Ou seja, ao contrário das hierarquias e compromissos típicos dos partidos políticos que regem a nossa república, teremos que descobrir o caminho para uma democracia automática, não coerciva, inteligente, e onde a energia das redes e a transparência cibernética substituam a manha do cacique, bem como a corrupção endémica associada à perversão burocrática que usurpou a democracia portuguesa.
Post scriptum — Acabo de conhecer o trabalho e linhas de investigação de Manuel Lima. Recentemente nomeado pela revista americana Creativity como "uma das 50 mentes mais criativas e influentes de 2009" (ler artigo sobre a nomeação), Manuel Lima é Interaction Designer, investigador e fundador de VisualComplexity.com: A visual exploration in mapping complex networks. Um dos seus projectos mais interesantes, dedicado a Portugal, chama-se Formas de Portugal. Quando falo de Democracia Virtual, estou nomeadamente a referir-me a este tipo de estratégias de cidadania baseadas no poder do conhecimento.
Ao contrário da pobreza franciscana da maioria dos sítios web institucionais do nosso país, e da pseudo independente Comissão de Acesso aos Documentos Administrativos — CADA, criada em 2007, dois anos depois do prazo limite de transposição da directiva comunitária de 2003 e já com um processo do Tribunal Europeu de Justiça em cima, onde nem o sector privado, nem os consumidores, se encontram representados, como deviam, de acordo com o espírito da directiva comunitária sobre o Public Sector Information - PSI (Quick Guide - PDF), o projecto de Manuel Lima é um bom exemplo do tipo de resposta positiva que a cidadania criativa pode dar, contornando sem grande atrito a incompetência pública alimentada pelos esquemas manhosos do poder. No caso da Comissão de Acesso aos Documentos Administrativos — CADA, engendrado pelo Bloco Central.

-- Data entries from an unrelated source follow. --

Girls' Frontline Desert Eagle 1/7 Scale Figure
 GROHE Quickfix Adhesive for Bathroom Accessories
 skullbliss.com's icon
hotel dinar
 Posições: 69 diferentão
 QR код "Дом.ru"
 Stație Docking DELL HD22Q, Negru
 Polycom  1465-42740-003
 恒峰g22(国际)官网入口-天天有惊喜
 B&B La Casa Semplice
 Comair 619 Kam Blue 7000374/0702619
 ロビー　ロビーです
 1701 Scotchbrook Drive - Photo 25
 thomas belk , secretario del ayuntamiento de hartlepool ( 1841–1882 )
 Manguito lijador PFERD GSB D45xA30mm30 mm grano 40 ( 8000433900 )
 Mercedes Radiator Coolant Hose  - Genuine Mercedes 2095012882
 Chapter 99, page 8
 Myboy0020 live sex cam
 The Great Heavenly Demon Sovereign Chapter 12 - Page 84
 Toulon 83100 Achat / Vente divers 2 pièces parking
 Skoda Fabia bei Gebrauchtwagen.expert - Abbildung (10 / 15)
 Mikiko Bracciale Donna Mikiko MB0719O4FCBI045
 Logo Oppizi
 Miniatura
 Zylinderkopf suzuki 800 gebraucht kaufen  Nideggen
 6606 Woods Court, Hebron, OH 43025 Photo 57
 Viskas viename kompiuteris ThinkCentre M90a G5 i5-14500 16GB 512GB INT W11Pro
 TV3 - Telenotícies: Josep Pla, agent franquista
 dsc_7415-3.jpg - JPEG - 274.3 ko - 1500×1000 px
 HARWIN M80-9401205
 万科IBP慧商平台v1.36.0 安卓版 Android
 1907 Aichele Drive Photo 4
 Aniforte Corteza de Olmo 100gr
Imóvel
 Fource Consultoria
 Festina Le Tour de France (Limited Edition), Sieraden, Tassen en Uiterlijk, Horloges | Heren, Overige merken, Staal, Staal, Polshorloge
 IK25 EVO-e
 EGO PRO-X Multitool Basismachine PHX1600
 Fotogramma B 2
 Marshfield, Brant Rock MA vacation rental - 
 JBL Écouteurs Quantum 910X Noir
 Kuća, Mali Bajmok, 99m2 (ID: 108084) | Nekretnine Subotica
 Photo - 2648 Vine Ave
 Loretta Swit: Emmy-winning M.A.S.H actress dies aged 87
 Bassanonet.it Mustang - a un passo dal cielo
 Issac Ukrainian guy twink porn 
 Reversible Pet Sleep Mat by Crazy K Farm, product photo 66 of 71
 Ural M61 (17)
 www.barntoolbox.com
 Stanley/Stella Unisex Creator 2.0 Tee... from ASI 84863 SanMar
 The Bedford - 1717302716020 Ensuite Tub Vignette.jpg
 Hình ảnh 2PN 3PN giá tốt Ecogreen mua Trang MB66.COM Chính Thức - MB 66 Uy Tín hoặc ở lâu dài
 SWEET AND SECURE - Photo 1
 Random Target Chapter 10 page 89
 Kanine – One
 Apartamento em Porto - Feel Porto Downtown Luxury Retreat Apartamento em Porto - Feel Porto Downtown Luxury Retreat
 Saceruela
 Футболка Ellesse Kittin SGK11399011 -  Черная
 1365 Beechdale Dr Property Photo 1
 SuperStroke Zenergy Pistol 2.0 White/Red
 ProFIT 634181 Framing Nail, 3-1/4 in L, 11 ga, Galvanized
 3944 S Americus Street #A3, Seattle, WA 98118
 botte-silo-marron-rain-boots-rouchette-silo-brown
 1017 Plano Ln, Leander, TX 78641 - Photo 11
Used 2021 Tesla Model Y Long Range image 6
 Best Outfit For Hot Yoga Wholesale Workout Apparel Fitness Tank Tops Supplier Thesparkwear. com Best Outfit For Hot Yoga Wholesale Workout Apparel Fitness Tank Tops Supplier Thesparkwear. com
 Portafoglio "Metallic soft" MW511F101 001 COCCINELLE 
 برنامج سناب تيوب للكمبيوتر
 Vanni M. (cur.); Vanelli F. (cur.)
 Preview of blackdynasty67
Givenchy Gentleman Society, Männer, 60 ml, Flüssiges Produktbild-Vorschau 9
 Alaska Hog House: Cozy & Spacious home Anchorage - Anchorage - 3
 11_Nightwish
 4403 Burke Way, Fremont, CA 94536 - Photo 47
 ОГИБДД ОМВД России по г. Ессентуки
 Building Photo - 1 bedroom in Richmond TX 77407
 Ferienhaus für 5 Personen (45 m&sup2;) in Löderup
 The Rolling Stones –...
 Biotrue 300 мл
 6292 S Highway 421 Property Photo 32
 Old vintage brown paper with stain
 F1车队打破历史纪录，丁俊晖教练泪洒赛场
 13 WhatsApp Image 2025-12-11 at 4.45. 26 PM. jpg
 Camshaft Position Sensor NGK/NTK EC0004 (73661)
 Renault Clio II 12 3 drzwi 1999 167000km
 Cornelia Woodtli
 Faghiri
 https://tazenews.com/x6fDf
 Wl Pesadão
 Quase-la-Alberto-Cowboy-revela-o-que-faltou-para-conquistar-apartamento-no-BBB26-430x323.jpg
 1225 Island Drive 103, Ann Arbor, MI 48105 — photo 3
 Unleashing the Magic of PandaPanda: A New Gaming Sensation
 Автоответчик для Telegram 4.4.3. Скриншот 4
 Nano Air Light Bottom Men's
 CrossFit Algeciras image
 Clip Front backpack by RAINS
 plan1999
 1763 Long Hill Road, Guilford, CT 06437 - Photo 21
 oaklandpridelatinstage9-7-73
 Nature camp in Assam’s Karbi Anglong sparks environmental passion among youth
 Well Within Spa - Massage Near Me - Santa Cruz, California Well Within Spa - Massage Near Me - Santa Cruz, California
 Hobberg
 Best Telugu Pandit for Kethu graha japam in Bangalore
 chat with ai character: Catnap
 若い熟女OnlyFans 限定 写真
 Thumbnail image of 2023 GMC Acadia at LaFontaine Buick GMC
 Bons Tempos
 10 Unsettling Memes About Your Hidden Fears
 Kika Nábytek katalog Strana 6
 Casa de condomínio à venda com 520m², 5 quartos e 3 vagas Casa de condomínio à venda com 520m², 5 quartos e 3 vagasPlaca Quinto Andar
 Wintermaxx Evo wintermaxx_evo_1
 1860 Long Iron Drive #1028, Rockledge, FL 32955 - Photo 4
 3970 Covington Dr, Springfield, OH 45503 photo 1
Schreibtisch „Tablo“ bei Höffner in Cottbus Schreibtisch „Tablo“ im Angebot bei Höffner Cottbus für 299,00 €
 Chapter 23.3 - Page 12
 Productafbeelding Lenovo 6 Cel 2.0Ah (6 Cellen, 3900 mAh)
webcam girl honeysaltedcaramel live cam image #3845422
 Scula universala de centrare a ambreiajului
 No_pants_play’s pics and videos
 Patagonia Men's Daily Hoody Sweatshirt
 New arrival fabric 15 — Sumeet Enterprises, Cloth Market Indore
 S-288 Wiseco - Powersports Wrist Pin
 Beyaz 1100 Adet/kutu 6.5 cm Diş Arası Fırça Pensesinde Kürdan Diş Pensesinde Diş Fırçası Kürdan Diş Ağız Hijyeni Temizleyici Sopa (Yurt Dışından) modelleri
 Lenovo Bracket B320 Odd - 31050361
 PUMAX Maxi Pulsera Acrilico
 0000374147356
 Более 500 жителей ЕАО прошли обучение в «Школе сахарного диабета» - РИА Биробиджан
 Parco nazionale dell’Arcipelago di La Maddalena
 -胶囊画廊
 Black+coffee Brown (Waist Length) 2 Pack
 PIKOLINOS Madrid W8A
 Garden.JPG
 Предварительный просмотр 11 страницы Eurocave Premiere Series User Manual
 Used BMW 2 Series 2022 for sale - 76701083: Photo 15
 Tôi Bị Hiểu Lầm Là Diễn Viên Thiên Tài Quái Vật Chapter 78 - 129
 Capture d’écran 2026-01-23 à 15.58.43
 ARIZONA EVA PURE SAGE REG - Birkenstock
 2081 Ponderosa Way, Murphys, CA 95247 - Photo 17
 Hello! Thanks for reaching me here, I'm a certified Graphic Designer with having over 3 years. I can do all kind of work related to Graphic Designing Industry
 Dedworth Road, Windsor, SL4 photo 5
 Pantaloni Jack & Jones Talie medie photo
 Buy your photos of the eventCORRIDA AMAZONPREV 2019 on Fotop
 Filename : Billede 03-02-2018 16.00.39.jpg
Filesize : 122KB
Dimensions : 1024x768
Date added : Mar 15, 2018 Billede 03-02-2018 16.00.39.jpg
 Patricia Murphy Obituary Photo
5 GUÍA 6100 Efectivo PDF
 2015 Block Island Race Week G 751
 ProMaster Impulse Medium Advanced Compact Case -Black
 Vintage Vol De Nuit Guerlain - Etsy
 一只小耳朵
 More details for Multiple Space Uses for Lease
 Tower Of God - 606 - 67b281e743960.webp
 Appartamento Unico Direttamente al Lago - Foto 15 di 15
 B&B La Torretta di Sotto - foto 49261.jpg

"A informação pública em Portugal é de livre acesso a qualquer cidadão, no entanto está na sua maioria dispersa em longas tabelas estatísticas que dificilmente permitem o reconhecimento de padrões congruentes. Quando analisados pelos media tradicionais, que para uma grande maioria da população é o principal - senão o único - meio de acesso aos dados, estes são utilizados apenas para reforçar determinado argumento que nem sempre corresponde ao mais relevante para o domínio público. Neste sentido, é imperativo que a vasta informação pública seja filtrada e apresentada segundo um conjunto de perguntas e respostas que conduzam ao saber. Compreender a informação e transformá-la em conhecimento é uma inabalável forma de poder. E é este o principal objectivo de Formas de Portugal." — Manuel Lima.